Подхватывая основной мотив «Жди меня», Прокофьев «уберегает» себя от прямого подражания, вводя новый, дополнительный мотив -ответную заботу воина о женщине. Общий посыл текста раздваивается: если в средней части лирический герой говорит о женской любви, ее во всех смыслах живительной силе, то в начале и конце рефреном звучат другие строки: воюем, «чтоб легче любимым жилось!» [Прокофьев 1986, с. 244]. Происходит возвращение к привычным функциям: «мужчина воюет во имя женщин» — «женщина ждет». Прокофьеву не хватило поэтической смелости Симонова, которую Л. Аннинский увидел как раз в том, что мы назвали топосом спасительной женской любви: «Тысячу раз было сказано (в том числе и самим Симоновым): мужчина, дерясь на войне, спасает свою женщину. И только раз — навыворот общеизвестному <...>. И этот единственный раз — прорыв стиха в величие» [Аннинский 2009, кн. 2, с. 210].

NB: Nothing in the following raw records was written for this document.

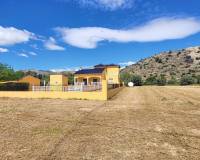 Resale - Country House - La Romana - La Romana - Country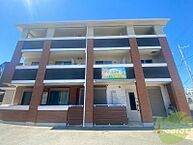 兵庫県明石市大久保町福田2丁目5-3：物件画像／株式会社アシストKOBE　アシスト明石店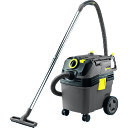 【在庫あります】ケルヒャー　NT30/1 Ap 【KARCHER】 乾湿両用掃除機　業務用掃除機nt30/1＊NT25/1ApとNT35/1Apの後継品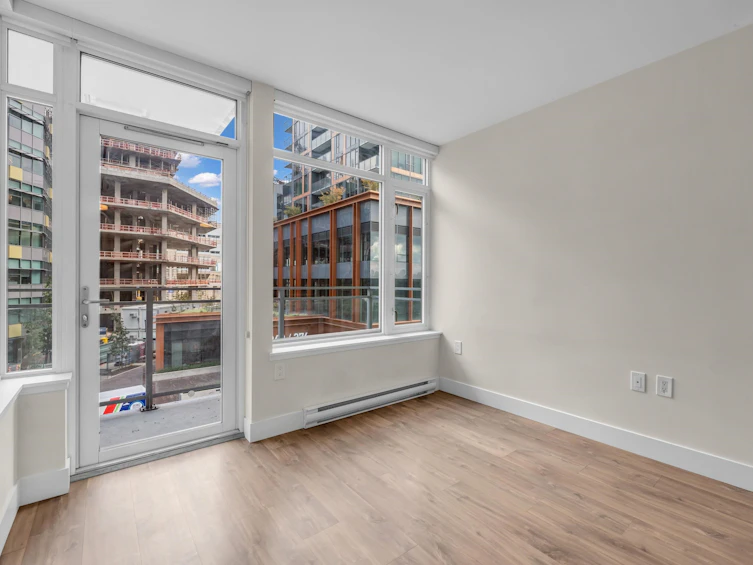 406-258 Nelson's Court, New Westminster, BC, V3L 0J9 - 9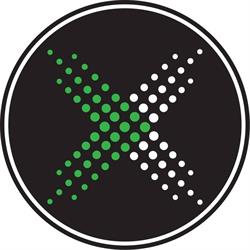 Exercise Collaborative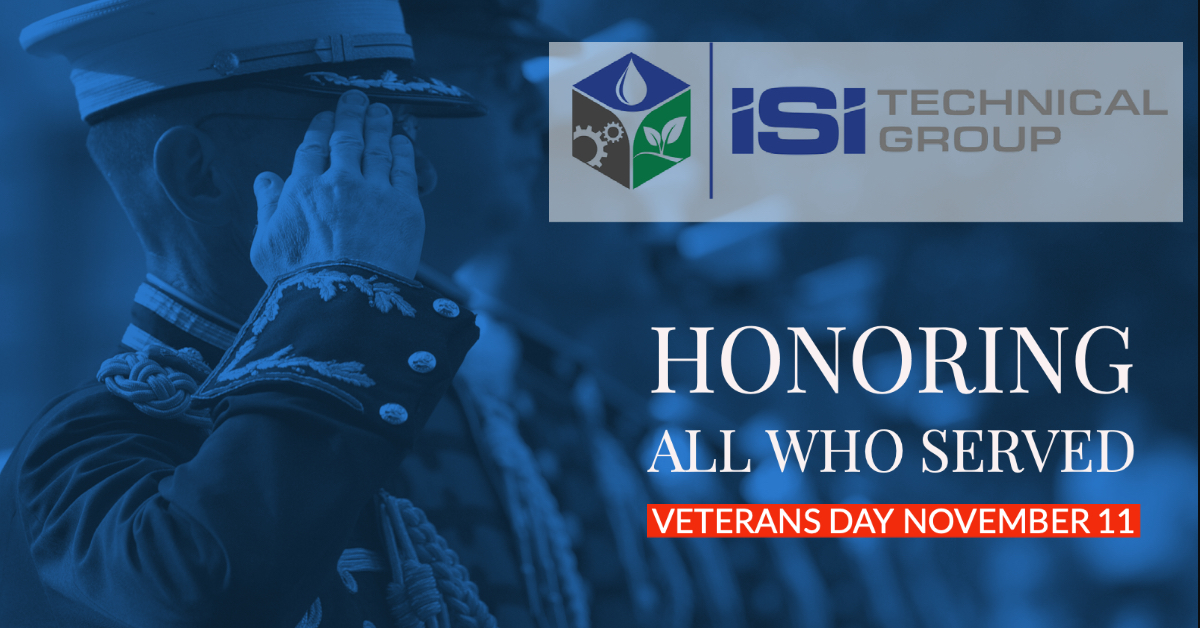 ISI_Technical's tweet photo. https://t.co/NVNSu1wqse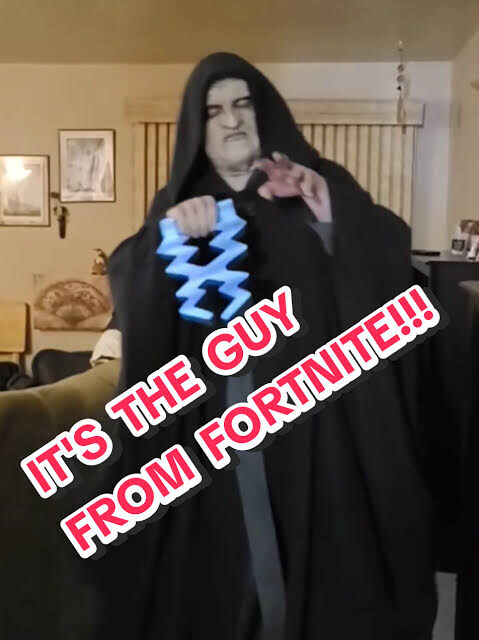 포트나이트 미국에서 이미지.jpg_4.jpg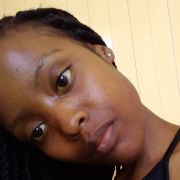Lwando265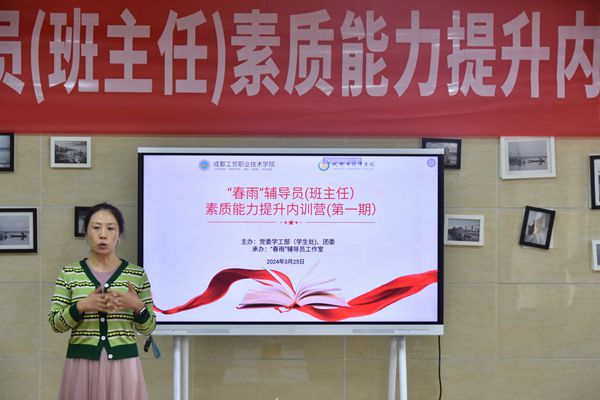 图片 (2)_副本.jpg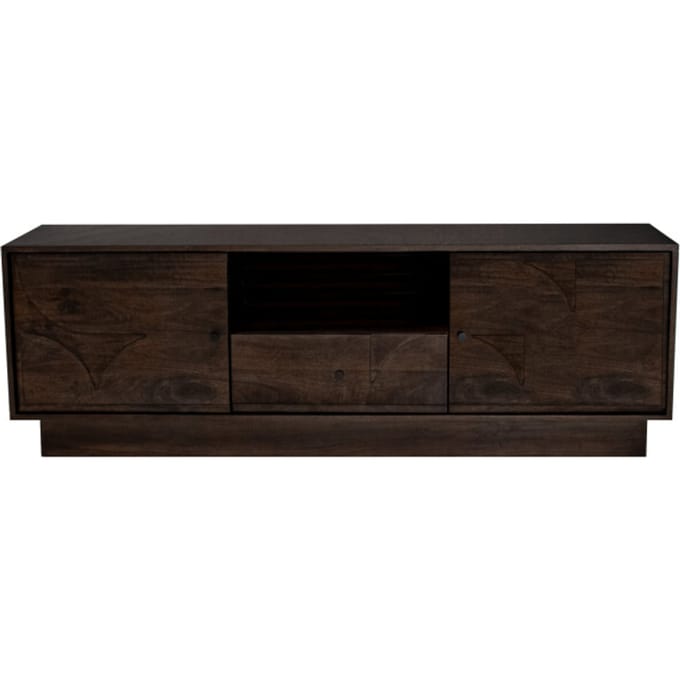 Kick Collection Kick tv dressoir arvid 150 -
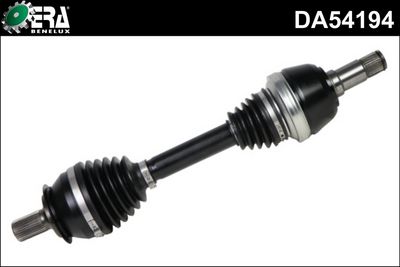 Náhled produktu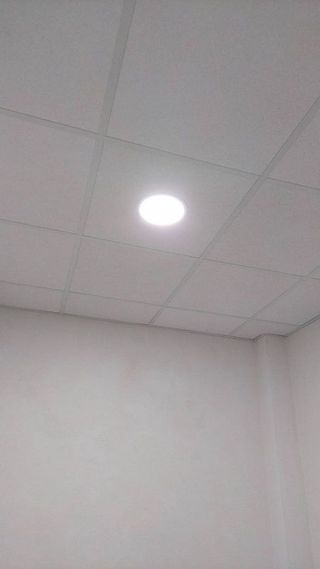 Trastero en venta en Fátima en Albacete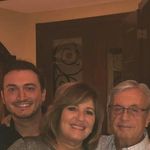Roberta Hohenstein - @robertahohenstein - Instagram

На близость стихотворения И. Уткина «Ты пишешь письмо мне.» (1943) к «Жди меня» указал А. В. Лычагин: «Иосиф Уткин не полемизирует с Симоновым, не опровергает основную мысль "Жди меня".
В стихотворении 1943 г. "Ты пишешь письмо мне." поэт также скажет о значении в жизни солдата любви и верности» [Лычагин 2011, с. 65]. И далее исследователь приводит действительно самый концептуально схожий с симоновским фрагмент стихотворения:
Но тот, кого любят, Но тот, кого помнят, Как дома - и в дыме войны!
[Уткин 1966, с. 233]
Процитированные строки сложно назвать авторской удачей, слишком двусмысленно и ненамеренно залихватски звучит сравнение на
войне как дома.
Героев произведений Уткина и Симонова роднит профетическая уверенность в возвращении: «Мы скоро вернемся. Я знаю. Я верю» [там же] — и переход к будущему времени, времени послевоенной встречи, в финале. Такая концовка является одним из любимых типов завершения у Симонова (например, в стихотворении «Далекому другу»), хотя характерна для военной поэзии в целом. Значимо, что Уткин, как и Прокофьев, также совмещает топосы, присоединяя к мотиву спасительной любви мотив совершаемых силой чувств чудесных пространственных перемещений женщины: «Зато я уверен: к переднему краю / Прорвется такая любовь!» [Уткин 1966, с. 233].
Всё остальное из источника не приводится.